Photo by Spencer Platt/Getty Images.
UPDATE: Obama toured the damage from the most destructive wildfire in Colorado history Friday, and called the site of damaged and destroyed homes in Colorado Springs "heartbreaking," MSNBC reports.
The president commended the work of those working to contain the fire and keep residents safe, adding, "When natural disasters like this hit, America comes together," CNN reports.
Friday, June 9, 9:32 a.m.: President Obama headed to Colorado Springs, Colo., on Friday to survey the damage from a wildfire that has destroyed an estimated 346 homes and left at least one person dead.
The president has declared Colorado a disaster area, allowing the use of federal aid, the Associated Press reports.
The Waldo Canyon Fire, one of several burning in Colorado and across the interior western U.S., is the most destructive wildfire in Colorado to date.

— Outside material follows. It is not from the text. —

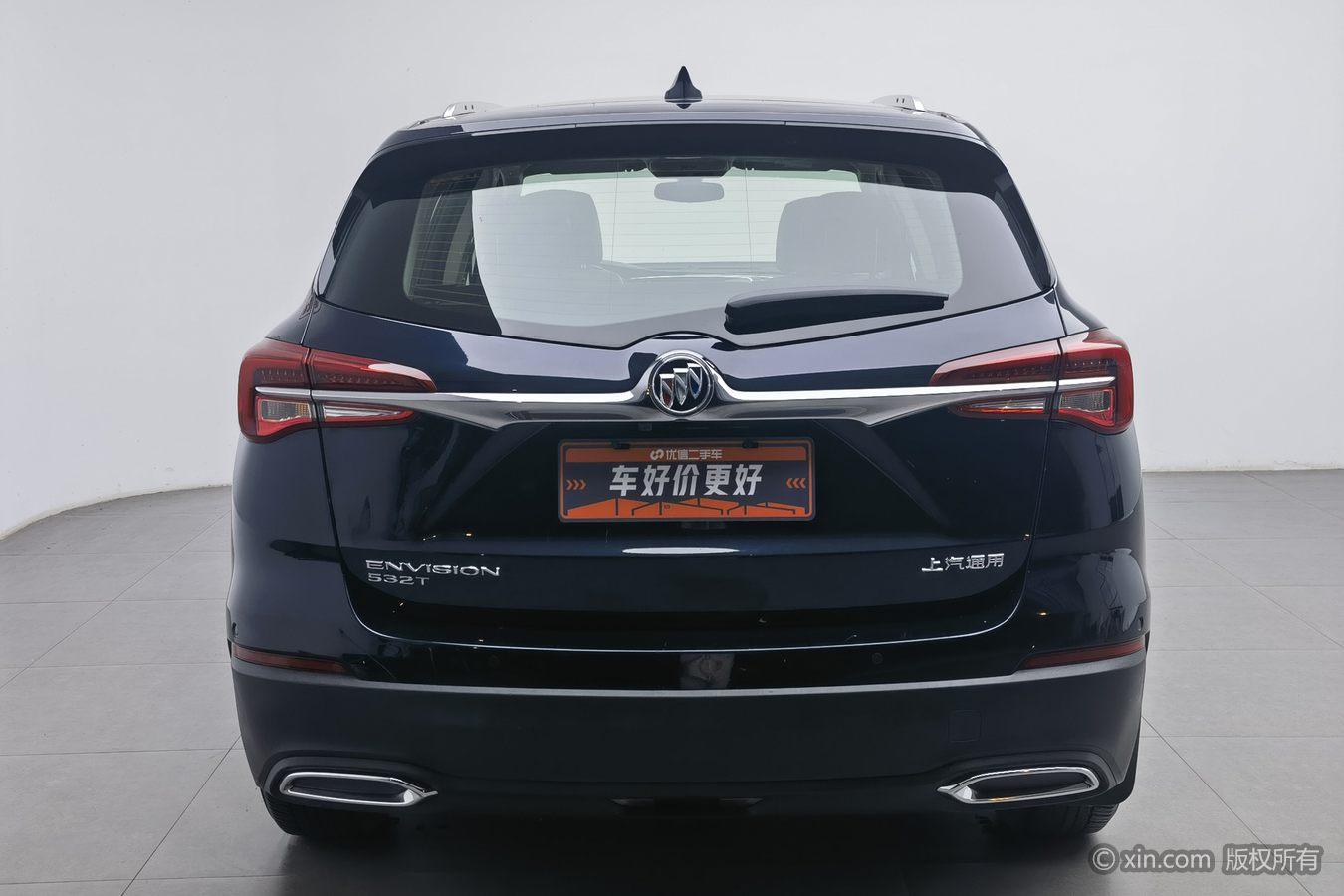 Buick Envision 2021 532T Elite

According to CNN, it's burned more than 16,700 acres so far and was 15 percent contained as of Thursday. That sounds low, but it's actually an indicator that firefighters are making progress containing the blaze, in part due to more favorable weather conditions.
More than 30,000 people were evacuated from their homes Tuesday night as high winds propelled the fire across containment lines and into the city of Colorado Springs. Some of those evacuees were allowed to return home Thursday evening, the AP explains. At least 20,000 homes and 160 businesses are still threatened by the fire.
Meanwhile, the High Park Fire in northern Colorado is now 75 percent contained. That fire killed one and destroyed 257 homes, making it the most destructive fire in state history until the Waldo Canyon Fire exploded on Tuesday.